How I debugged my Audioengine HD3 speakers in Linux

2021 July 13

I purchased a pair of desktop speakers recently, the Audioengine HD3 (based on this review). On my desktop, I'm running Ubuntu; 20.10 Groovy Gorilla until recently, but 21.04 Hirsute Hippo now. The speakers worked just fine when I first got them, but somewhere along the way (I don't know exactly when, but quite possibly when I updated), I couldn't get any sound out of them, despite the system having no trouble detecting them.

With the help of my local Linux User Group, this is how we debugged the issue, and what I learned along the way. This post is structured like a bug report with all the information I thought might be relevant, in order of what was tried, but it is sprinkled with exposition and just happens to end with a solution.

When connecting my speakers, I see this in dmesg:

usb 1-1: 1:1: cannot set freq 48000 to ep 0x3

I've been told that audio in Ubuntu (and most Linux distributions) consists of two primary layers:

  1. Advanced Linux Sound Architecture (ALSA), the lower layer.
  2. PulseAudio, the higher layer.

To restore audio, I should first make sure I can play audio through ALSA with its tools. Once that is solved, then any remaining problems can be attributed to the Pulse layer. To play audio through ALSA, I must first disable Pulse to make it release its handles to my audio devices:

systemctl --global stop pulseaudio.service pulseaudio.socket

aplay is an ALSA tool for playing audio. aplay -L lists all the "devices" (in ALSA parlance) that can play audio. Each device is actually a combination of a plugin and the hardware. It listed 14 devices for my speakers. (There are even more for my onboard audio, video card, and webcam).

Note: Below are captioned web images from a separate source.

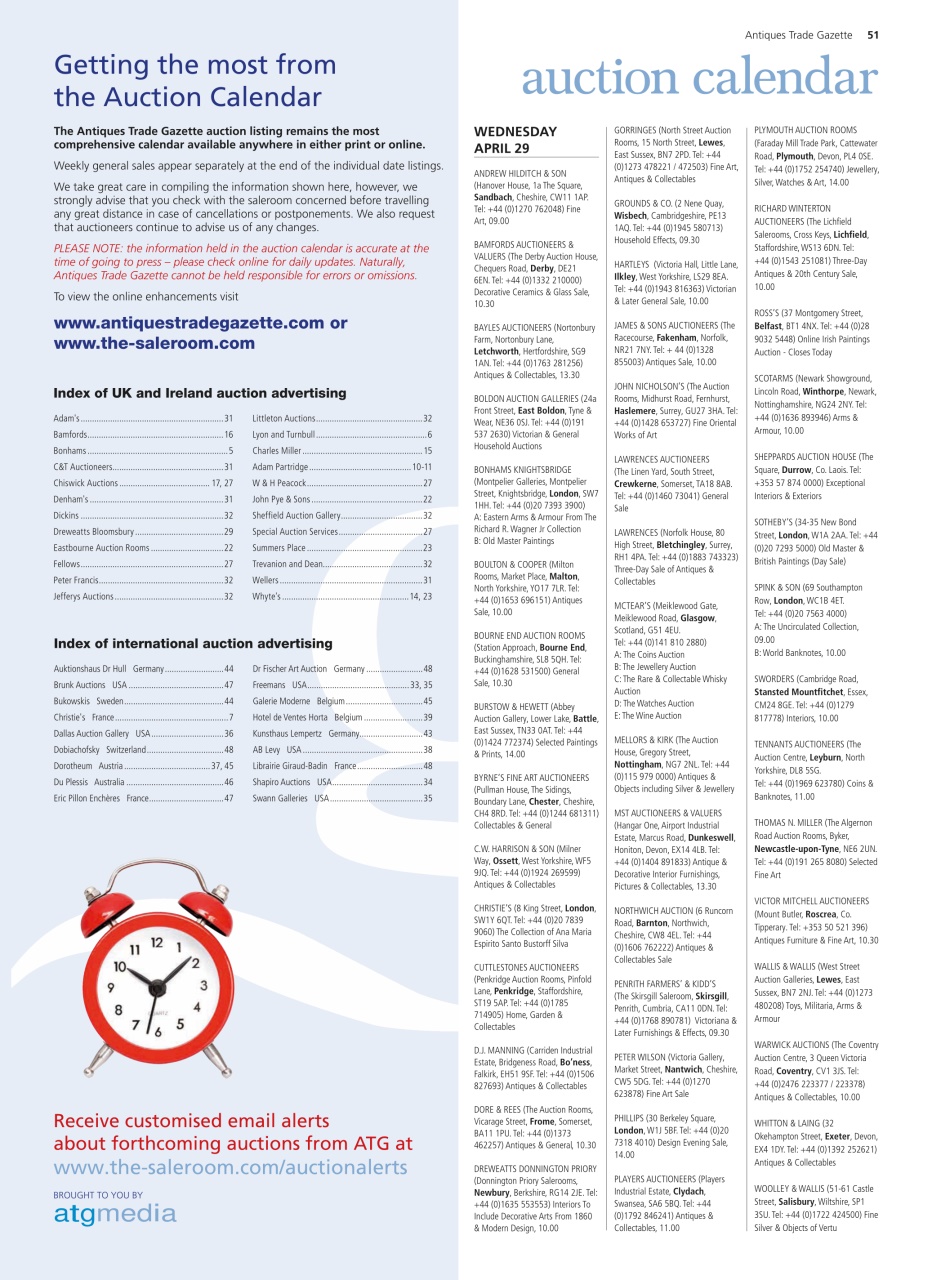 Antiques Trade Gazette Preview Pages
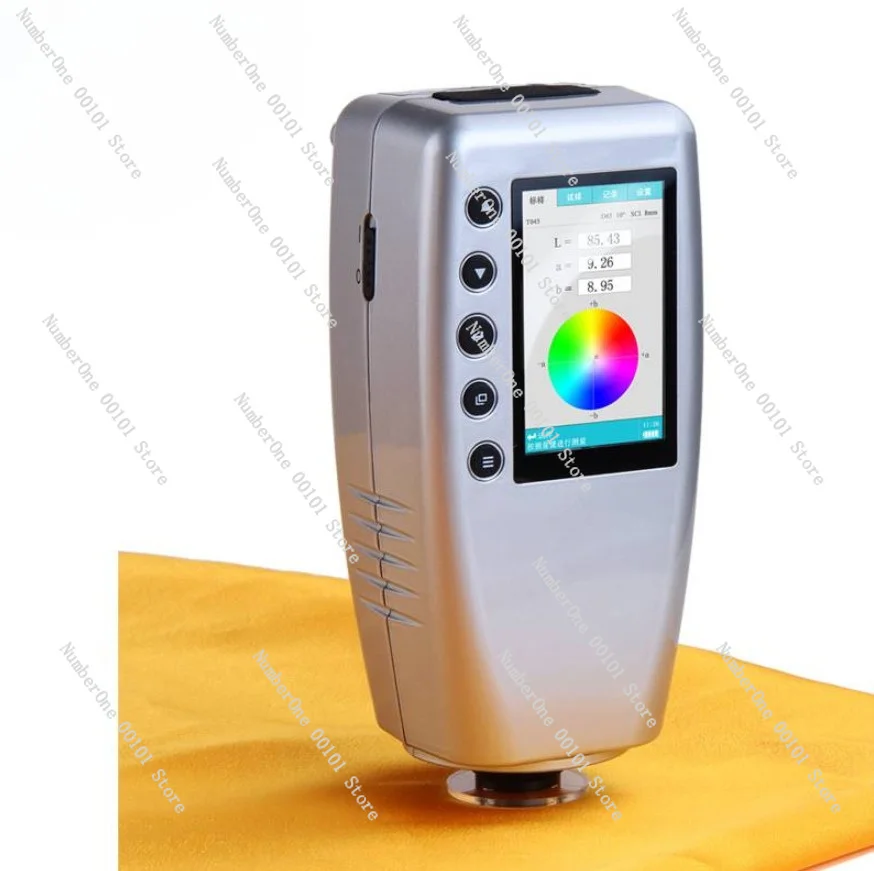 WR-10QC WR-10 Digital Colorimeter, Portable TFT Color Display Color Analyzer Testing Instrument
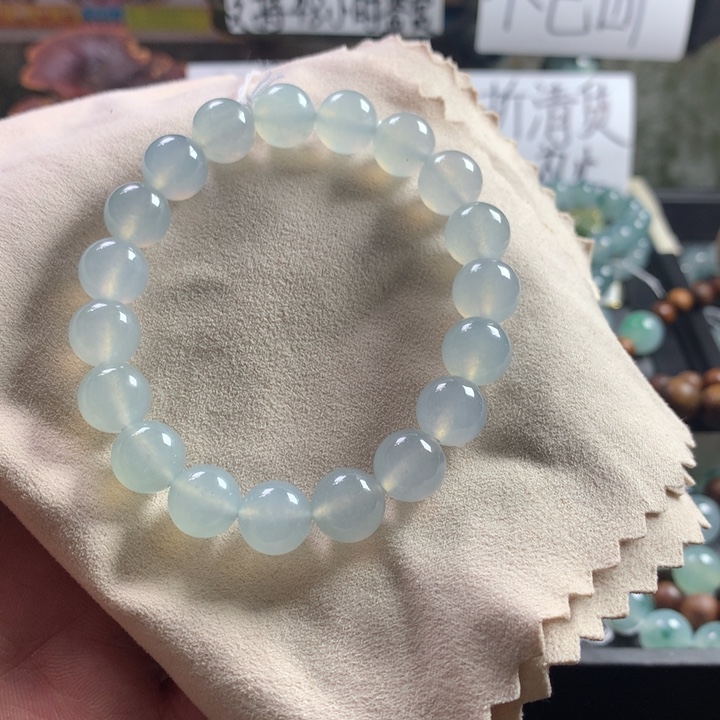 啊***霖定制翡翠未镶嵌卡10.5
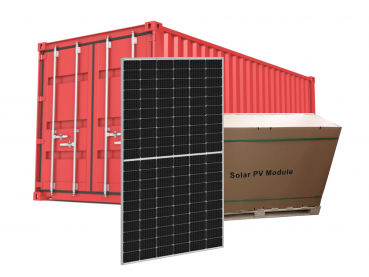 Solarmodul 370Wp CDZ SOLAR 988 Stück (auf Palette zu 36 Stück gepackt)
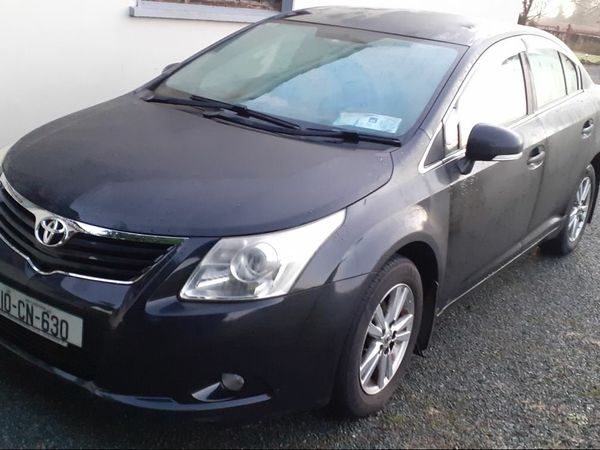 Toyota Avensis Saloon, Diesel, 2010, Black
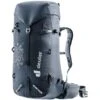 Deuter Guide 32+8 SL Anniversary Edition Damen Alpinrucksack Black -DEU Geschaft deuter guide 328 sl anniversary edition damen alpinrucksack black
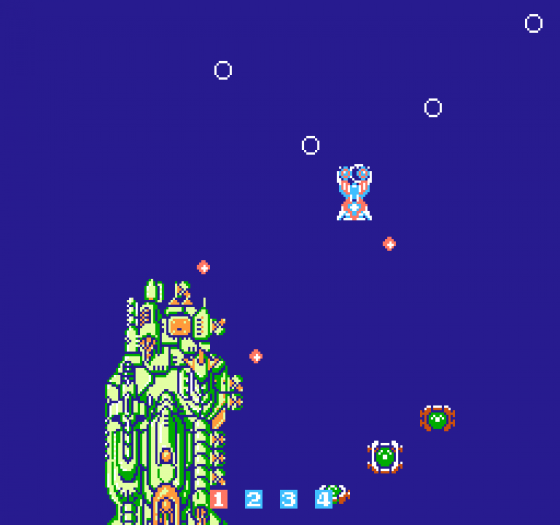 Image Fight Screenshot 12 (Nintendo (US Version))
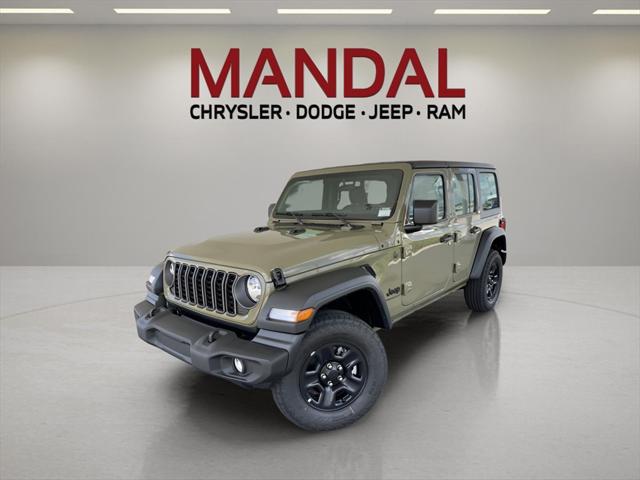 2025 Jeep Wrangler WRANGLER 4-DOOR SPORT
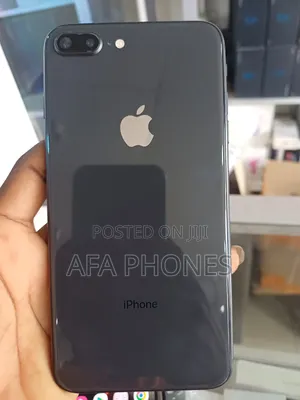 Apple iPhone 8 Plus 256 GB Black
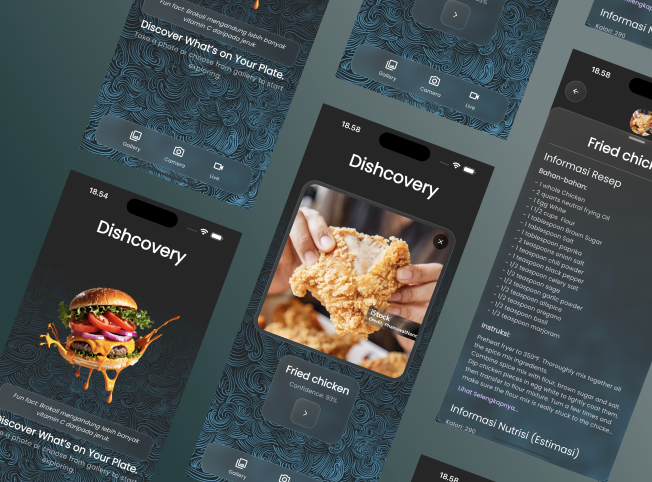 Screenshot Dishcovery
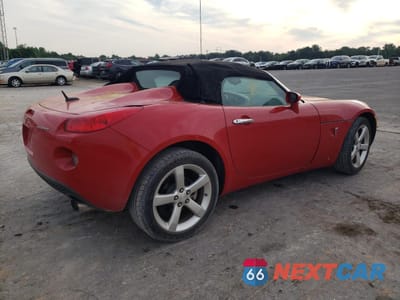 Trzecie zdjęcie samochodu z tyłu: 2008 PONTIAC SOLSTICE VIN:1G2MB35B58Y122331 - miniatura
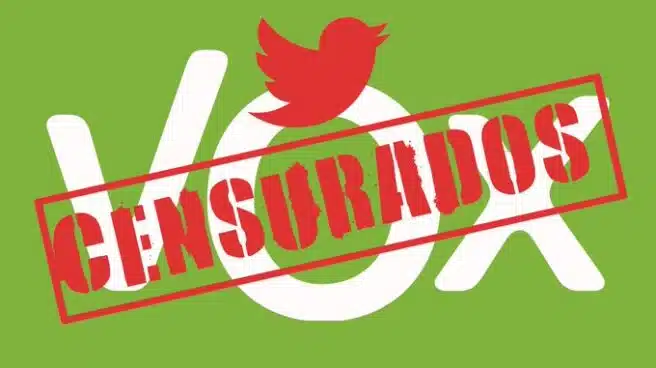 Twitter 'silencia' la cuenta de Vox por acusar al PSOE de "promover la pederastia" en los colegios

speaker-test is an ALSA tool for playing test audio when one doesn't have an audio file on hand. speaker-test -D $device -c 2 makes sound with 6 of my speaker's ALSA devices, the ones with these plugins: hw, plughw, front, surround40, iec958, dmix. To name the device, they are all suffixed with :CARD=HD3,DEV=0.

Unlike speaker-test, aplay requires an audio file. I generated a test audio file using ffmpeg:

ffmpeg -f lavfi -i "sine=frequency=1000:sample_rate=48000:duration=5" \
-c:a pcm_s16le -ac 2 sine.wav

aplay -D $device -c 2 sine.wav works when the WAV file is encoded in stereo at 48k Hz to 16 bit signed little endian (SLE), and only with those parameters. Trying a 44.1k WAV file plays a burst of audio for a fraction of a second at the beginning of the very first attempt, and then nothing at all following or on subsequent attempts.

At this point it appears that sound is working, at 48k at least. So I enable Pulse audio:

systemctl --global start pulseaudio.service pulseaudio.socket

I see this in dmesg:

retire_capture_urb: 39 callbacks suppressed

When I have Pulse enabled, I'm testing sound via Settings -> Sound -> Volume Levels -> Output -> Test.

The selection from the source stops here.